Маня на миг оторвала свои губы от губ Трофима и, вдохнув как перед рывком, выпалила:
– Когда мы сделаем операцию и начнем обустраивать все в нашем доме, то первым делом выкинем этот жуткий агрегат.
– Да, да… – пробормотал Трофим и приник к ней нетерпеливым, требовательным поцелуем…
Маня решает пройти в свою комнату, чтобы прилечь: в последнее время ее одолевают сонливость и страсть к выпечке. Пончики она готова есть с утра до вечера. Встать, наесться пончиков и лечь, чтобы провалиться в блаженную дрему, в которой снова вокруг нее будут витать пончики, хворост и чак-чак.
Когда Маня приходила последний раз в женскую консультацию, ее отчитывала и пугала врачиха: «Ладно, сами растолстеете, хуже всего – ребенка раскормите, мамочка! Нужно вам – с ожиревшим ребенком мучиться? Куча болезней приплюсуется. А ведь это вполне возможно, учитывая наследственность. Вон какой папа у малыша полный, да и вы – не дюймовочка».
Конечно, за четыре месяца беременности Маня располнела, и ноги уже стали отекать – просто безобразие! Но что же поделать, если хочется сладенького? Маня вздыхает, смотрит на накрытую салфеткой пахлаву в вазочке и выходит в коридор. Она улыбается новым кремовым стенам, и светлому ламинату, и вешалке – солидной и яркой. «Хорошо… как хорошо и спокойно», – вздыхает Маня и слышит поскрипывание диванных пружин. Кажется, Трофим поднялся. Она заглядывает в спальню. Муж – заспанный, с отлежанной бордовой щекой, напоминающий огромного растерянного младенца, тянет к ней руки, сидя на постели.

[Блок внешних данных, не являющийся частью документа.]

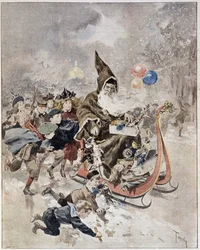 Mikulást ábrázoló akvarell. „Az illusztrált világ”. 1895.12.21.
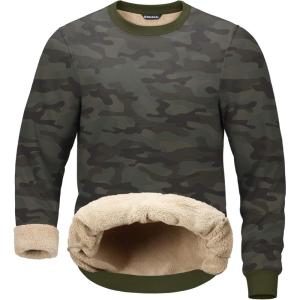 imageG Gradual Sherpa Lined Sweatshirts for Men Fleece Crewneck Sweatshirt Pullover Warm Shirts for WinterGreen Camo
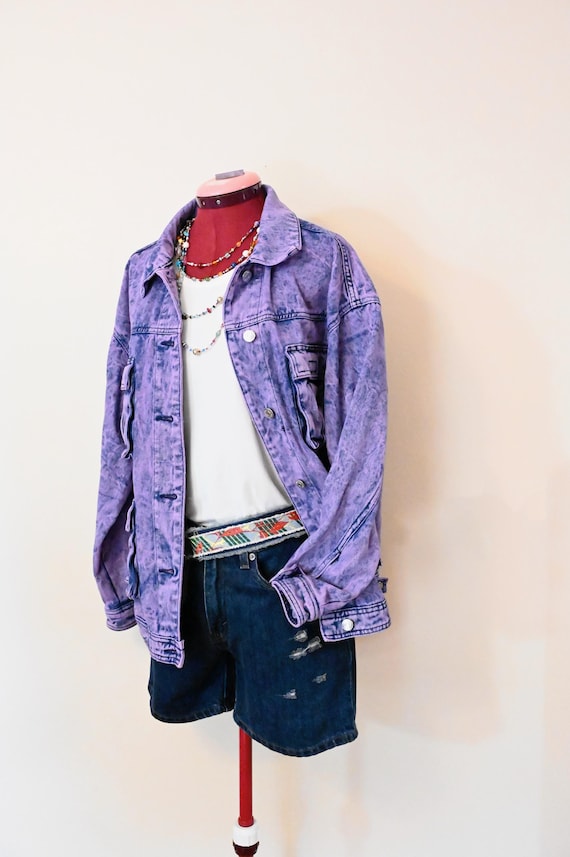 Purple Womens Medium Cotton JACKET - Lilac Lavender Dyed Upcycled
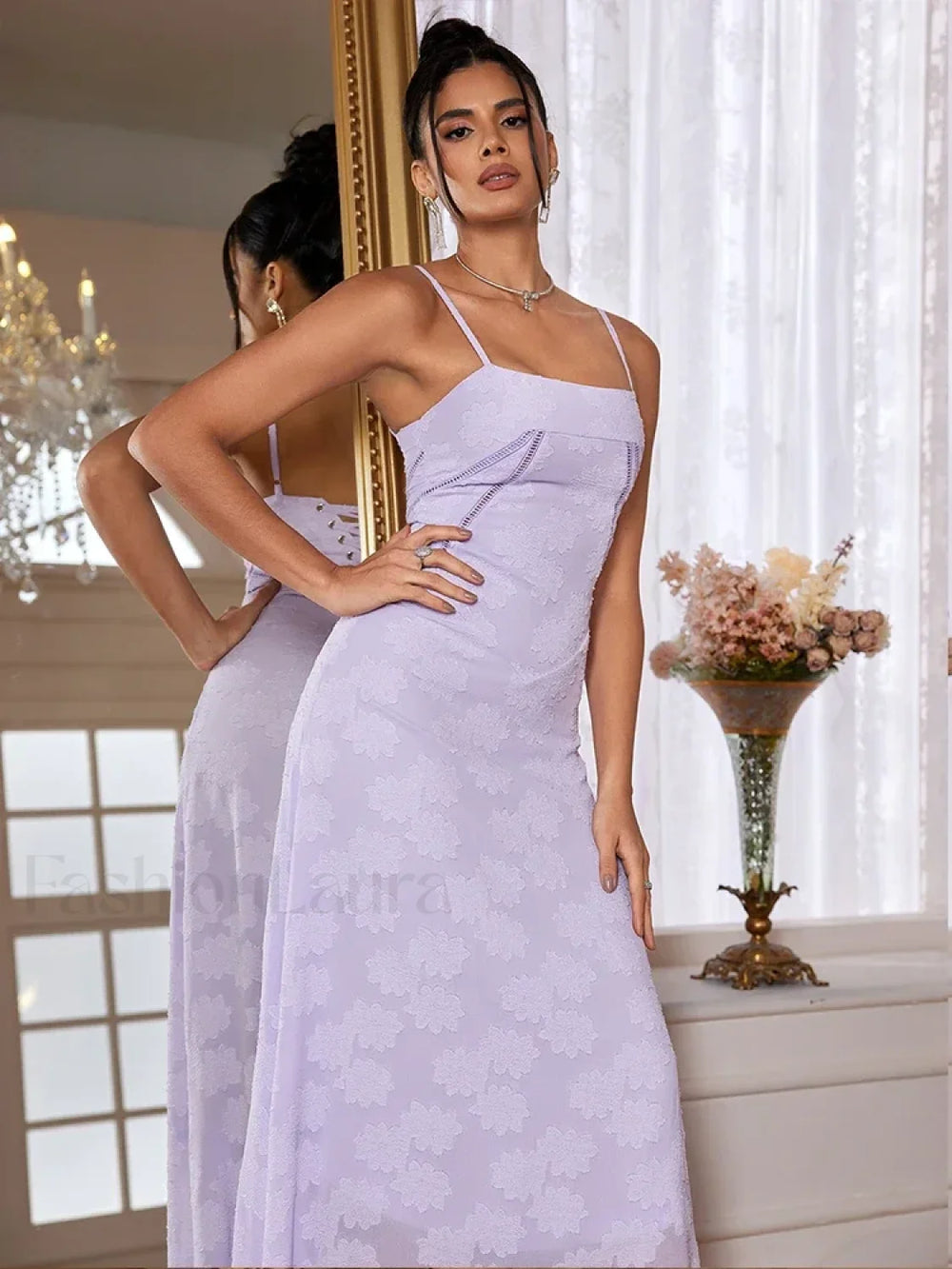 Purple Spaghetti Lace Maxi Dress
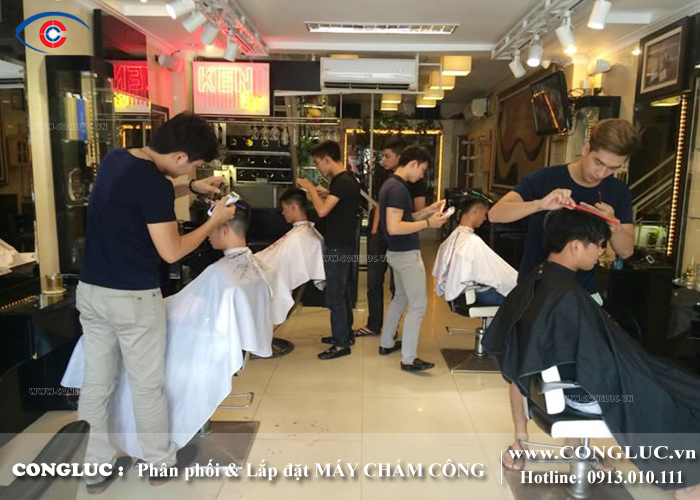 lắp máy chấm công tại salon tóc trung quân hải phòng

– Ты так уютно посудой звякаешь. Как же хорошо дома… Отвык я, Манюнь, от большого пути.
Маня подходит к нему, обнимает и покачивает:
– И Бог с ним, с твоим большим путем. Извелась вся, пока тебя из рейса ждала. Ты еще палку не берешь! Куда это вообще годится? А если упадешь, поскользнешься?
– Ничего, палка не спасет. Я и без нее уже плясать могу, – Трофим хлопает себя по коленкам и осторожно встает. – Господи, привыкнуть не могу! Все кресло нащупать хочу.
Он прохаживается взад-вперед по комнате.
– Вот и ходи побольше, Трофим. Может, в самом деле, Бог с ним, с рулем? Придумаем тебе какую-нибудь мирную профессию? Я, когда тебя жду, так нервничаю, что еще больше сладостей ем. Смотри, какая толстуха! Скоро тебя в весе перегоню. Ну их, эти машины, а?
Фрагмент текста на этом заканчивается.